La Pupille (1842)
Traduction par Sara de La Fizelière.
Hachette (p. 120-125).


CHAPITRE XVI.


Miss Martin Thorpe s’informa avec soin du temps que sir Charles devait rester encore dans le royaume, et, pendant les trois jours qu’elle le sut encore assez rapproché d’eux, elle laissa le major et sa femme discuter sur les moyens de transport à Thorpe-Combe et sur les domestiques qu’ils désiraient emmener. Elle les laissa décider qu’on louerait une chaise de poste pour elle, mistress Heathcote et les jeunes filles, et que le major, deux bonnes intelligentes et probes et le reste des enfants, iraient par les wagons.

Mais le quatrième jour elle prit fièrement la parole et combla d’étonnement sa famille d’adoption, autant par le sens de ses paroles que par le ton mielleux dont elles furent prononcées.

« Ne vous tourmentez plus de mon voyage, ma chère mistress Heathcote, dit-elle ; comme je déteste de rester inactive tandis que d’autres agissent, je vous préviens que j’ai écrit à mistress Barnes, car je veux essayer de la garder auprès de moi, quand même je devrais faire pour cela des sacrifices, et je lui ai donné l’ordre de faire arranger cette voiture dans laquelle nous nous sommes promenés chez mon oncle, afin qu’elle soit en état de venir me chercher. »

Mistress Heathcote, la bouche entr’ouverte, l’écoutait sans comprendre, et une colère réprimée avec soin grondait chez le major, qui répondit :

« Mais cette voiture est énorme et voyagera bien difficilement, Sophie.

— J’ai permis qu’elle arrivât un jour à l’avance et que l’on fît des relais. Pour le retour, je prendrai quatre chevaux ; du reste, je vous dirai que, pendant le temps de ma minorité, je me contenterai de cette voiture : il suffira de la faire repeindre et de mettre mes armes sur la portière.

— J’aime à supposer, Sophie, que vous ne voyagerez pas seule avec le postillon, et que vous trouverez bon que je vous accompagne avec mes deux filles, reprit mistress Heathcote.

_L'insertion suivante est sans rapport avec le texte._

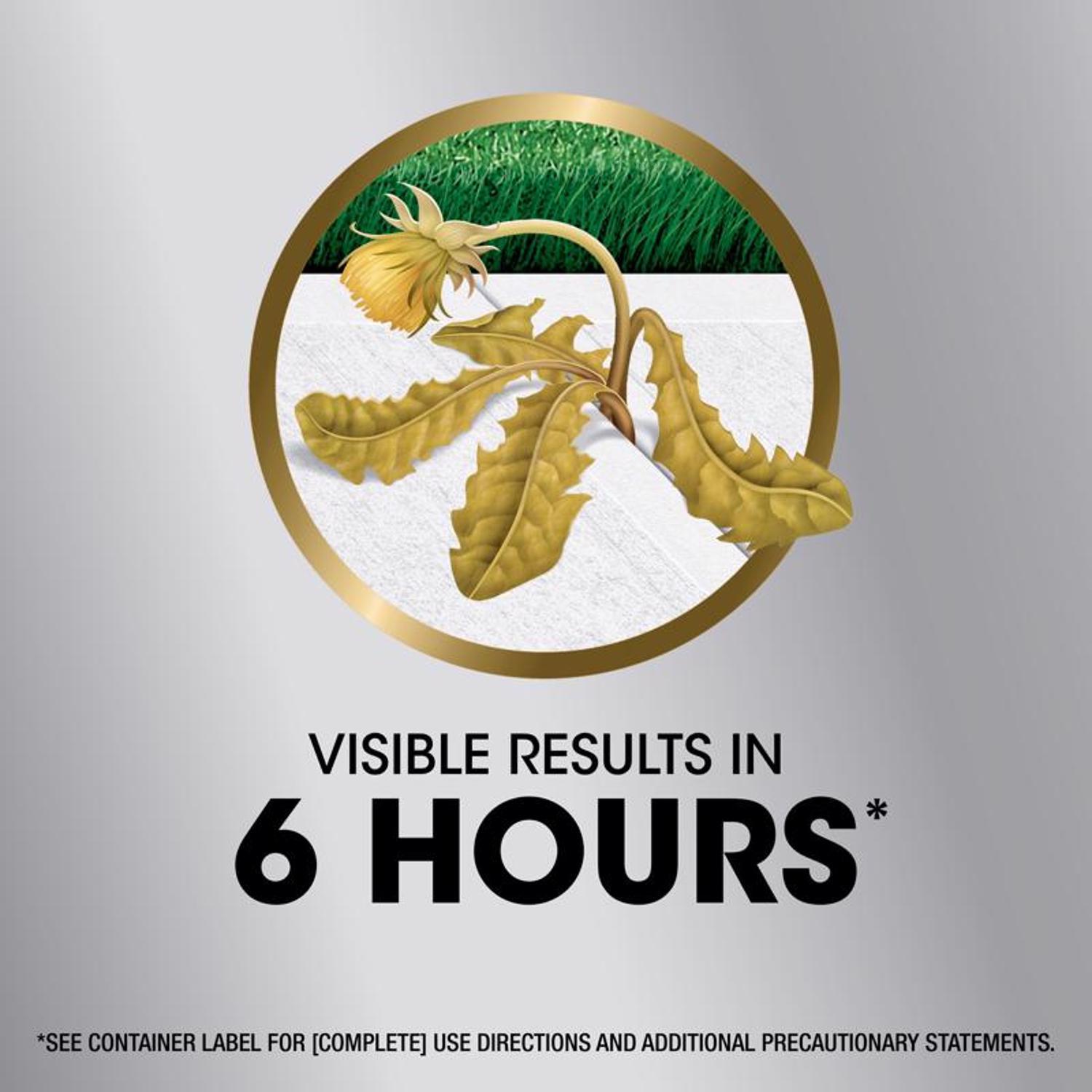 Roundup Dual Action Weed and Grass Killer Concentrate 32 oz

— Il est inutile que vous vous dérangiez pour moi, reprit miss Martin Thorpe. Vous viendrez comme il vous plaira ; mais je désire être chez moi avant vous, afin d’y faire tout préparer pour vous recevoir plus convenablement. J’ai écrit à mistress Barnes de faire nettoyer la maison, et, dès qu’elle sera en état, je vous ferai prévenir. Quant à vos craintes de me voir voyager seule avec ce postillon, dissipez-les : j’emmènerai ma femme de chambre. En allant l’autre jour chez la couturière, je lui ai demandé si elle connaissait une bonne femme de chambre. Alors, elle m’a répondu que, l’état de couturière ne rapportant presque rien, elle désirait se replacer, et m’a offert d’entrer chez moi. Je suis allée aux renseignements chez mistress Mills, la femme du ministre, et, d’après ses excellentes recommandations, j’ai arrêté miss Robert. J’espère, madame, que vous m’approuvez ?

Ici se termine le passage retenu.